--- RAW DATA Enclosed Below ---
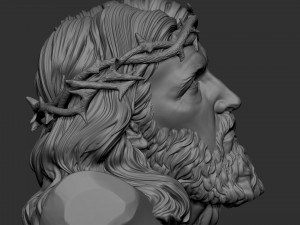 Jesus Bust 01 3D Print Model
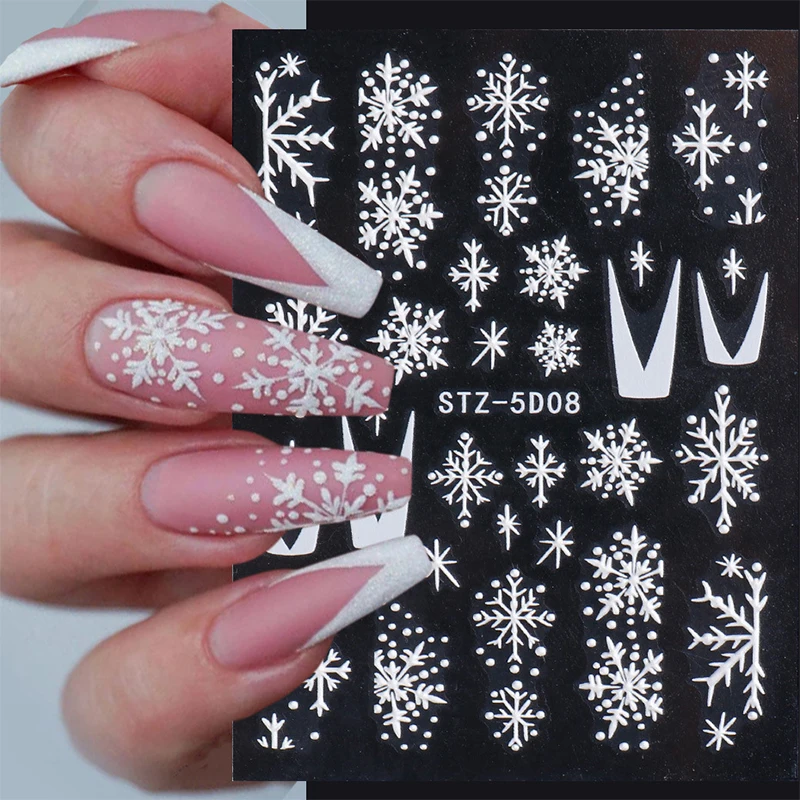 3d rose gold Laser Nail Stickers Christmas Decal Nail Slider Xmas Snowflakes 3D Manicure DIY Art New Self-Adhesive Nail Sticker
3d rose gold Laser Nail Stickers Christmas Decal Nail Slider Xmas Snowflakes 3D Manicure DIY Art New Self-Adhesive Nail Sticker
--- End of Enclosed RAW DATA ---
**WHAT YOU SHOULD DO**
Return every line shown above without changing a word, and skip the pictures.

**RESPONSE**
 Jesus Bust 01 3D Print Model
 3d rose gold Laser Nail Stickers Christmas Decal Nail Slider Xmas Snowflakes 3D Manicure DIY Art New Self-Adhesive Nail Sticker
3d rose gold Laser Nail Stickers Christmas Decal Nail Slider Xmas Snowflakes 3D Manicure DIY Art New Self-Adhesive Nail Sticker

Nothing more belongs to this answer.